Into the ice

Carrying civilians to Antarctica is a bit like taking tourists to the moon. Both destinations are alien to human survival and, like astronauts, those who run ships in the ice-choked austral waters take on a huge responsibility.

Fortunately, both the cruise industry and growing base of willing passengers are awestruck by the grandeur of what lies south of the Antarctic Convergence zone. The big challenge, however, lies in minimizing the risk and maximizing the reward.

The Antarctica cruise ship MV Nordkapp sails through the icy Penola Strait. Below, cruise passengers in Antarctica often transfer to small boats for sightseeing excursions.
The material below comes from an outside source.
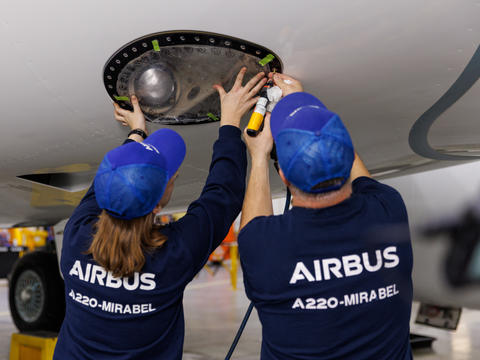 Working at Airbus in Canada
Unlike NASA's space missions, the crews aboard the ships that navigate the short southern polar summer are much more autonomous. There's no sequel to Houston's Mission Control Center, and it's the onboard skill and ability of the crew, plus a bit of good luck, that makes or breaks the day. The adventure charter trade comes with a complex set of conflicting objectives. With a mix of adventuresome eco-tourists and wealthy vacationers flocking to the most remote destination on the planet, each voyage is designed to safely provide the adventure of a lifetime.

Not only does "spot on" navigation top the list of priorities, but it must coexist with hotel services and a recreational schedule packed with icy shore landings, close quarters anchoring and 24/7 inshore operation. Such regimes may fit nicely into the cruising grounds that surround Tortolla, British Virgin Islands — but when played out adjacent to where Shackleton was shipwrecked, and where survival can be a tenuous challenge for even seasoned sailors, it's fair to say that the crew running these ships needs to be a significant cut above average.


Recent attention-grabbing headlines such as "Norwegian cruise ship grounded near Deception Island," and "MV Explorer hits iceberg and sinks" have Antarctic access regulators, cruise ship operators and potential passengers concerned about the future of the trade as well as the Antarctic. The last two incidents resulted in prompt, professional rescue missions and all of the crew and passengers were taken aboard other vessels for safe transit home. However, these back-to-back accidents — one a grounding and the other a collision with an iceberg — underscore the challenges associated with voyaging in the most remote and difficult waters on the planet.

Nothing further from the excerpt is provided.